Once the line containing "WIKA Men's Sweat-Absorbent" is found, please copy it and all lines after it through the end of the records, exactly, leaving out pictures.
________________________________________
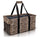 Extra Large Utility Tote Bag - Oversized Collapsible Pool Beach Canvas Basket - Leopard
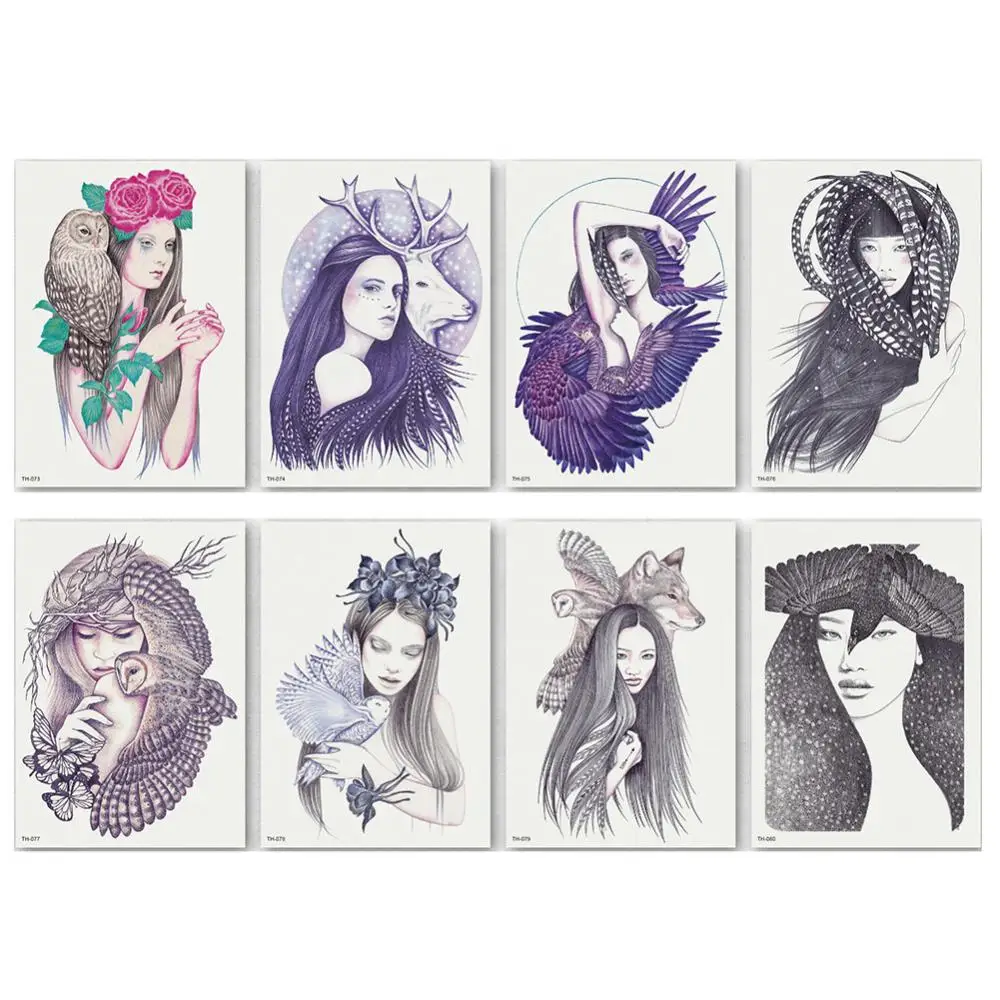 Модные милые Временные татуировки для девочек наклейки тату искусство фестиваль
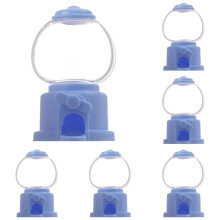 Mini tuggummibollsdispenser - Blå, 9,3 cm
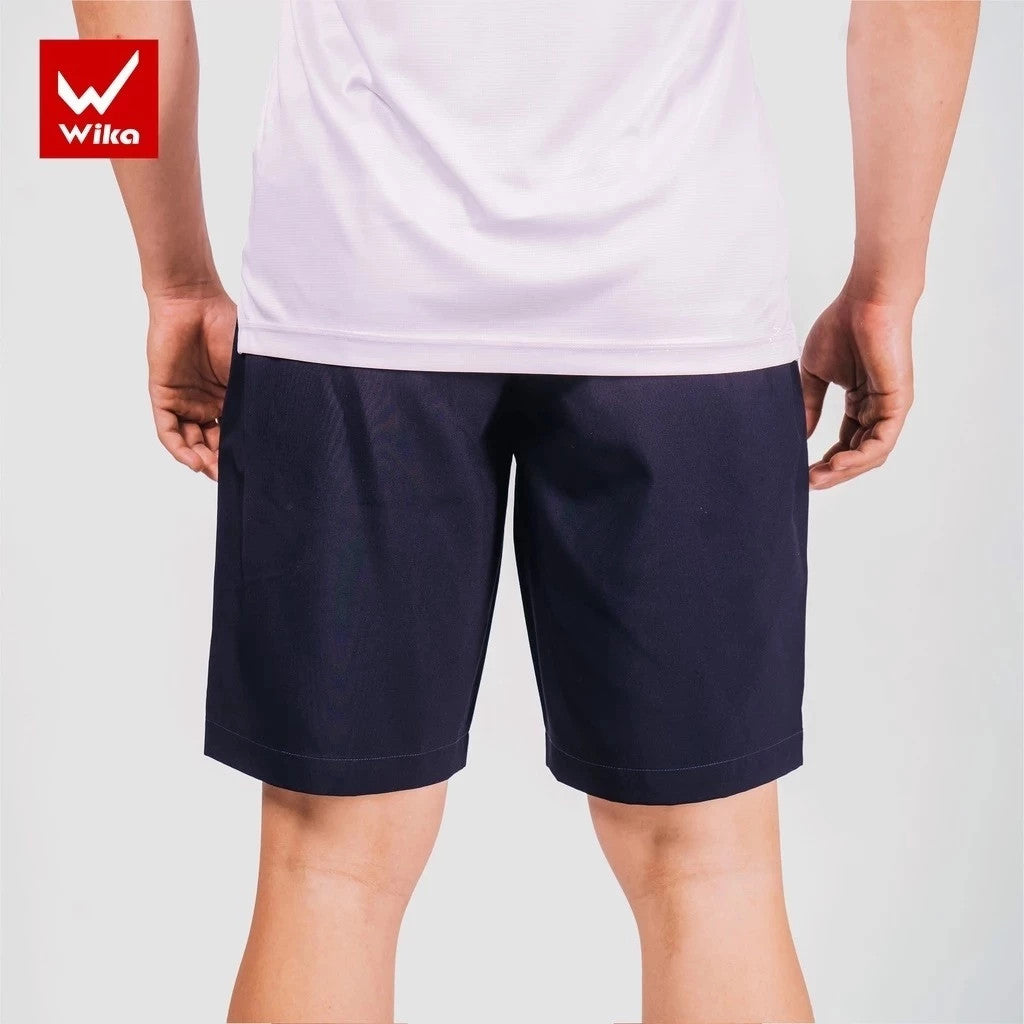 WIKA Men's Sweat-Absorbent Shorts with Convenient Zipper Pockets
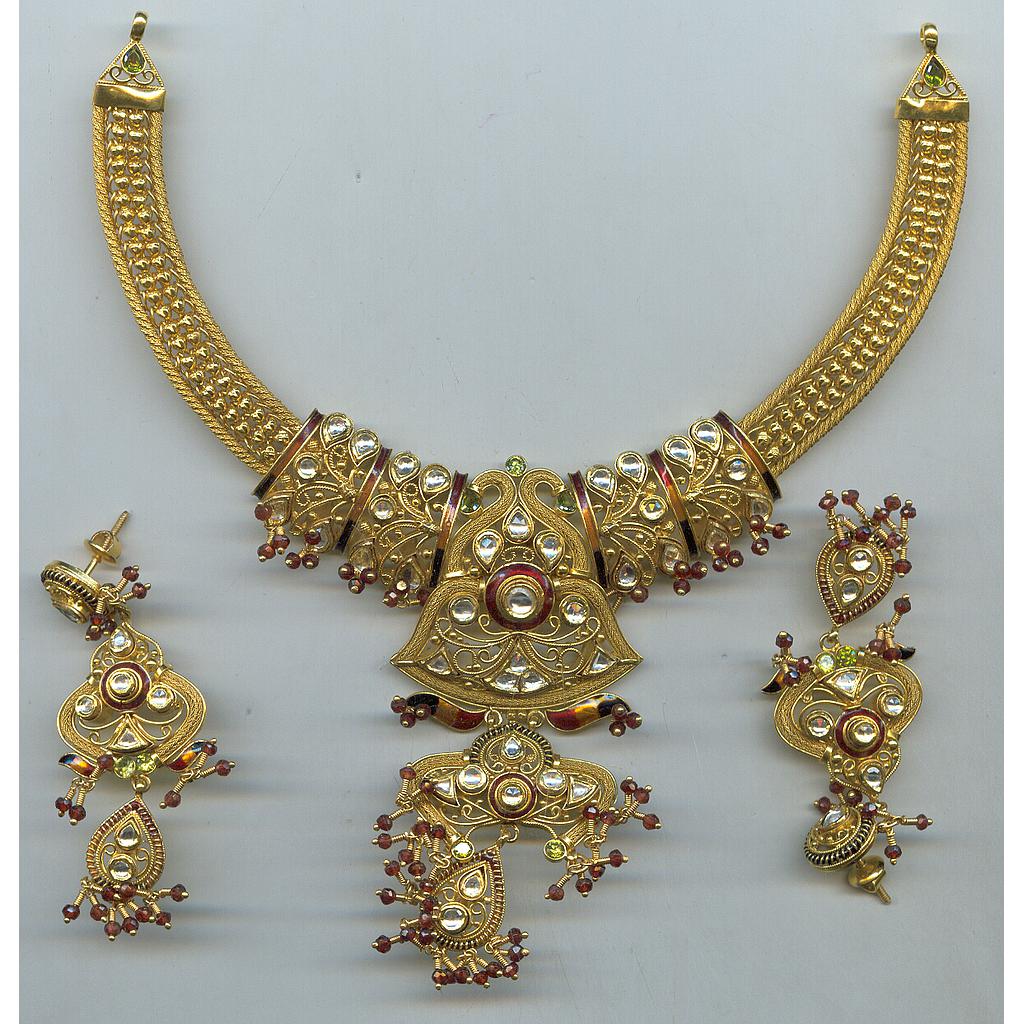 GOLD HALF SET ROUND ANTIQUE EXCLUSIVE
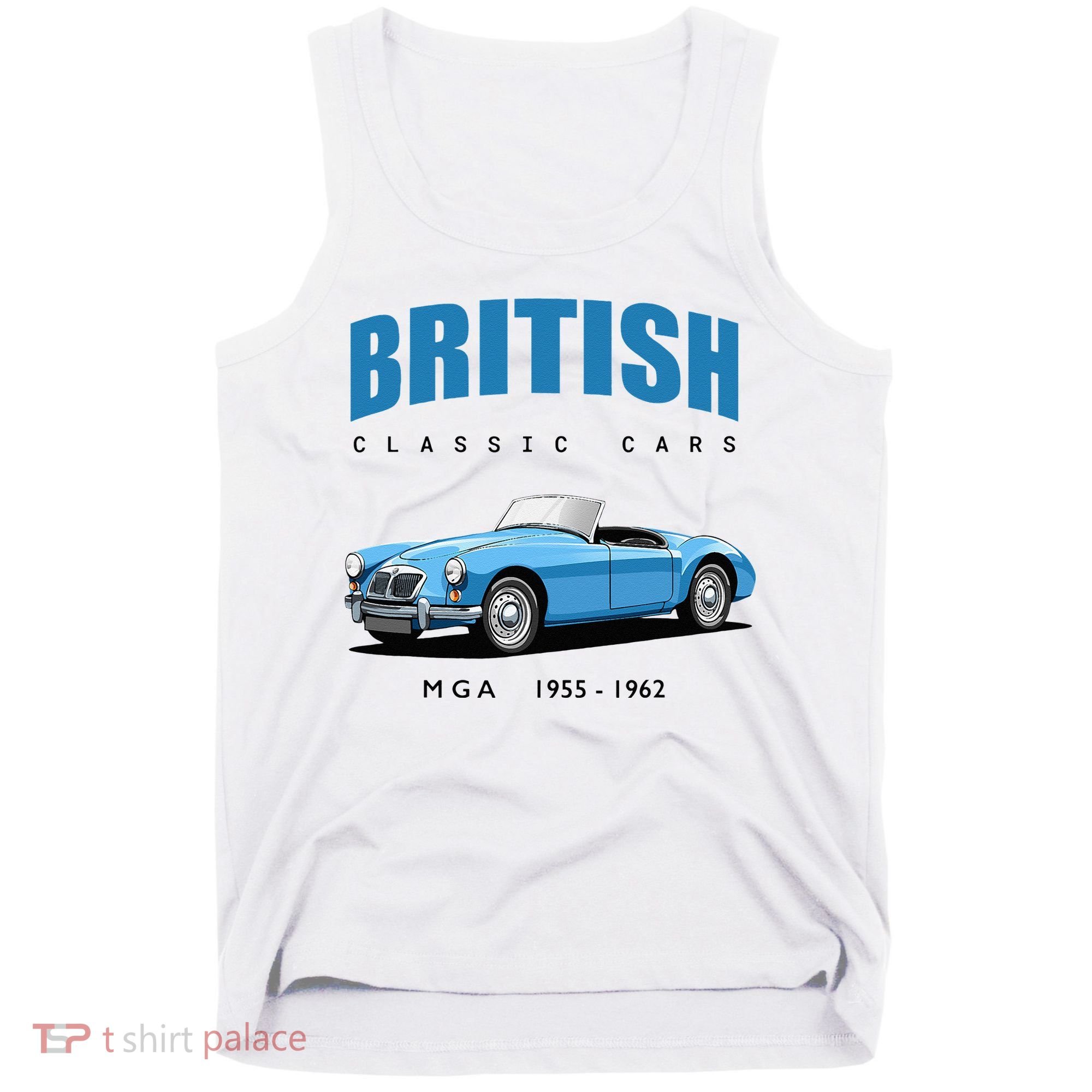 British Classic Sports Cars MG MGA Tank Top
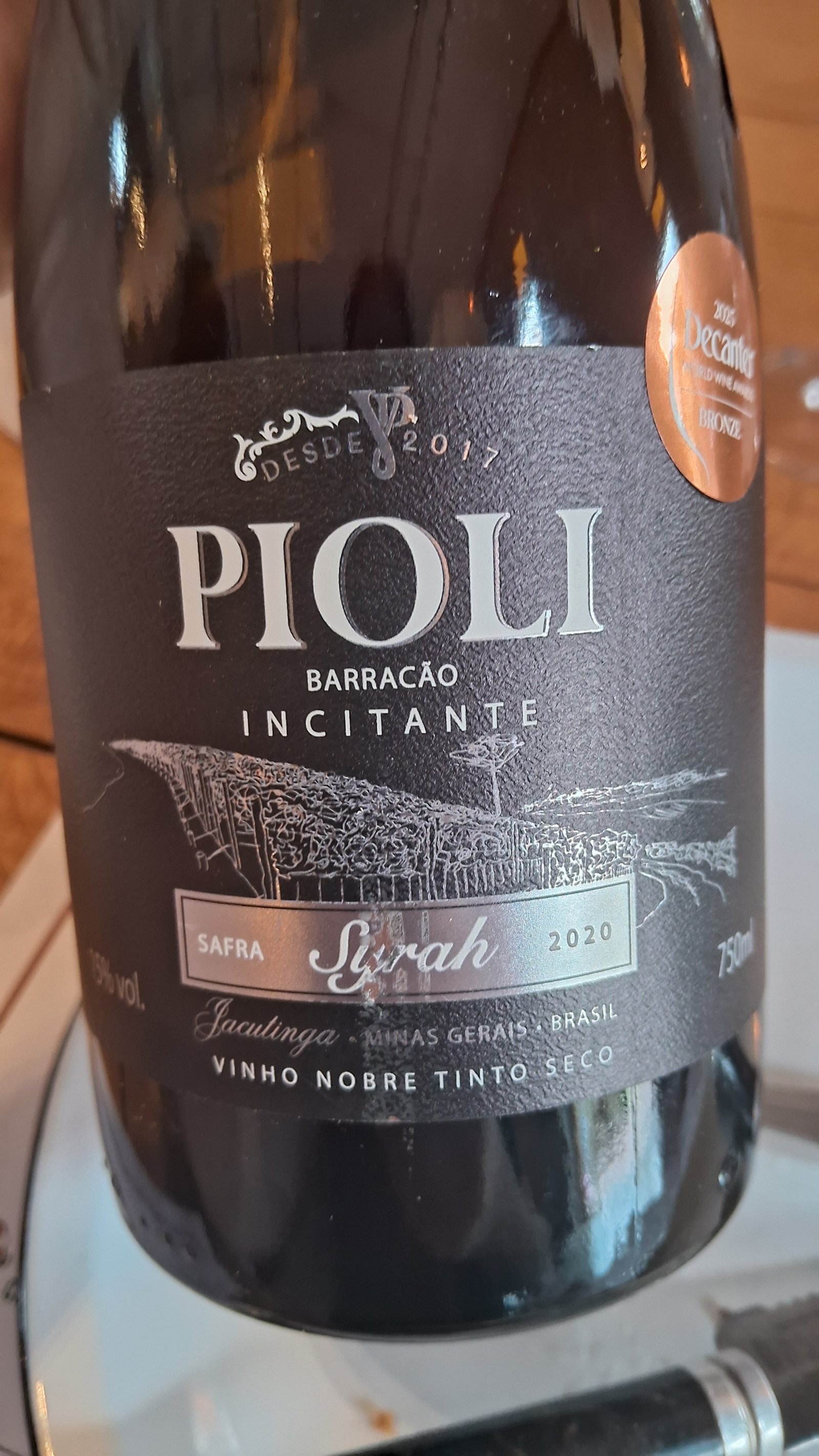 Rótulo do Vinho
________________________________________
Output of the task »
 WIKA Men's Sweat-Absorbent Shorts with Convenient Zipper Pockets
 GOLD HALF SET ROUND ANTIQUE EXCLUSIVE
 British Classic Sports Cars MG MGA Tank Top
 Rótulo do Vinho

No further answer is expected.